In NRW haben nach Angaben des Sozialministeriums rund 1,5 Millionen Menschen einen Schwerbehindertenausweis. Das sind etwa acht Prozent aller Menschen, die hier leben. In den meisten Fällen bekommen die Betroffenen ihre Behinderung erst im Alter.

Oft ist eine Krankheit der Auslöser, zum Beispiel Krebs oder Diabetes. Unter bestimmten Bedingungen gelten aber auch chronische Krankheiten wie Tinnitus als eine Schwerbehinderung. Generell gilt ein Mensch in Deutschland als schwerbehindert, wenn der Grad seiner Behinderung bei 50 oder höher liegt. Die Grundlage dafür ist das Sozialgesetzbuch IX.

Hülle ist ein erster Schritt

Die neue Aufschrift auf der Hülle ist das eine — die Umbenennung des Dokuments an sich das andere. Gerade in Bundesländern wie NRW, in denen keine Hülle für den Ausweis ausgegeben wird, würde nur eine Änderung des Schwerbehindertenausweises selbst etwas ändern. Genau das regt die Bundesvereinigung Lebenshilfe an.

Philipp Peters von der Lebenshilfe Nordrhein-Westfalen steht voll hinter der Idee. Die Umstellung zum Scheckkarten-Format vor einigen Jahren sei der erste Schritt gewesen, den Ausweis zu modernisieren. Die Umbenennung wäre ein weiterer. "Es wäre ein Schritt, um den Betroffenen mehr Privatsphäre zu geben — zum Beispiel im Bus", sagt Peters.

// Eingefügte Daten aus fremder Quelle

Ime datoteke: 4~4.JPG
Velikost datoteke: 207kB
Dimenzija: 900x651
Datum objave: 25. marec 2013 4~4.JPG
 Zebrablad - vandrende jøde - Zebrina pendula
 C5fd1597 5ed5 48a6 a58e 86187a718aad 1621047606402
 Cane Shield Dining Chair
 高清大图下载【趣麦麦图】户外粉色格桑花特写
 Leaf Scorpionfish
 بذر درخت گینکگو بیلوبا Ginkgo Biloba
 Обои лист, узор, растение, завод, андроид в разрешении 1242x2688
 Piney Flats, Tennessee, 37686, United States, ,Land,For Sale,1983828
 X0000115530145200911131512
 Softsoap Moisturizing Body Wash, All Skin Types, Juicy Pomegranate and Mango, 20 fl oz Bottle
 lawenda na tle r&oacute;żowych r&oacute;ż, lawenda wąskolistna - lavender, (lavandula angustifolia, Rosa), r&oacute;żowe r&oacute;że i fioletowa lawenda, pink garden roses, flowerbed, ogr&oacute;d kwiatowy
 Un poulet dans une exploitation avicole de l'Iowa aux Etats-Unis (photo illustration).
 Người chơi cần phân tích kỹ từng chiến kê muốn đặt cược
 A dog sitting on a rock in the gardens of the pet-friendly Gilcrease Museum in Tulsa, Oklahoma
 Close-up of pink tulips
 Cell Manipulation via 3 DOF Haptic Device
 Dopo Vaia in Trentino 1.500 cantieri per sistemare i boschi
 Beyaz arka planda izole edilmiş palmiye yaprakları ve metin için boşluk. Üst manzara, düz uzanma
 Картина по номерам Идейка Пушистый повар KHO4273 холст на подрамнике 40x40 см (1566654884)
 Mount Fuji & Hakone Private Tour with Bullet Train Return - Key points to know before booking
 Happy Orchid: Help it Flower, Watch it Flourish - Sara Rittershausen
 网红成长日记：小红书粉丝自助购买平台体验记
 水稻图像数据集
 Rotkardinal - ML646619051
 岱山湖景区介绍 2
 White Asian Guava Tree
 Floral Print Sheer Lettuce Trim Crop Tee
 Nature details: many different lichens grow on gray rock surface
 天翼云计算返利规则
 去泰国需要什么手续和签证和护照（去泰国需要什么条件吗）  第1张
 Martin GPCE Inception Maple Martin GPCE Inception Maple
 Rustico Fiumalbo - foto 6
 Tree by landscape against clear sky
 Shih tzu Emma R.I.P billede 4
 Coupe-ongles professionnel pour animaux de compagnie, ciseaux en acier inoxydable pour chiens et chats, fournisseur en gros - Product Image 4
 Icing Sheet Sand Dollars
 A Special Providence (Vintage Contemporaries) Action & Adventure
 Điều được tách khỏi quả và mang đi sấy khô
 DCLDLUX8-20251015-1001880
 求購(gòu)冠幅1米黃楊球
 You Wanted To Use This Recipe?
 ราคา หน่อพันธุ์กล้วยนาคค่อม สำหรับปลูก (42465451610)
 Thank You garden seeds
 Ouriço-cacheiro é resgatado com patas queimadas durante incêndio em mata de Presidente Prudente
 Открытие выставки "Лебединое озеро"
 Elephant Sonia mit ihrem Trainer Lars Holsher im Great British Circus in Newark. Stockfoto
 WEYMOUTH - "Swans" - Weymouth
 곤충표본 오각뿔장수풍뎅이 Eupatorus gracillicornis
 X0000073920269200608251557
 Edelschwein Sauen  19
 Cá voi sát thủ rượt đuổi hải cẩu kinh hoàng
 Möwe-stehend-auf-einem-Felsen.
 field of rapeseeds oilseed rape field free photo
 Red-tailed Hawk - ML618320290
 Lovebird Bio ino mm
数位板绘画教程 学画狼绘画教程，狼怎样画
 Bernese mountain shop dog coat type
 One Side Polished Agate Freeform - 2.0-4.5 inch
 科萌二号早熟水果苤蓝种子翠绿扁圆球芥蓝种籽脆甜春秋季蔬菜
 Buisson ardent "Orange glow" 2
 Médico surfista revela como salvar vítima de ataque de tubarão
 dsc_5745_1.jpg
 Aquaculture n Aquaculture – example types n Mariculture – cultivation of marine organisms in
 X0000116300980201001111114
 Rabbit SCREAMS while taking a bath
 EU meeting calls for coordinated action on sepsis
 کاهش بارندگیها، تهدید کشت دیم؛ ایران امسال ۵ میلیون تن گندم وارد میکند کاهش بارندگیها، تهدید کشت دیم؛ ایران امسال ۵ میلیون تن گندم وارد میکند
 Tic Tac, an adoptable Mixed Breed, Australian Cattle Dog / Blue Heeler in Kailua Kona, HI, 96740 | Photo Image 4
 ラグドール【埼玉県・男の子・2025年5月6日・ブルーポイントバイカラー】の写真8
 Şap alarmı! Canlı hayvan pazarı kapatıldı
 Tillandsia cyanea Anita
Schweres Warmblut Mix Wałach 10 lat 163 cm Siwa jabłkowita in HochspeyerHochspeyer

Auch der VdK NRW findet die Idee, den Ausweis generell umzubenennen, gut. Am besten gefällt dem Verband der Name "Teilhabe-Ausweis". "Damit würde der Aspekt der Zugehörigkeit von Menschen mit Behinderung in unserer Gesellschaft in den Mittelpunkt gerückt.", sagt Alissa Schreiber. Der VdK möchte das Thema ab jetzt in Gespräche unter anderem mit dem Sozialministerium einbringen. Außerdem kann er sich vorstellen, sich in einem Bündnis mit mehreren Organisationen dafür stark zu machen.

Im Sozialministerium in Düsseldorf ist eine neue Bezeichnung für den Schwerbehindertenausweis bisher noch nicht diskutiert worden. Grundsätzlich stünde einer "Modernisierung" des Namens aber nichts entgegen, so das Ministerium. Allerdings liegt die Entscheidung darüber nicht bei den einzelnen Bundesländern, sondern beim Bund.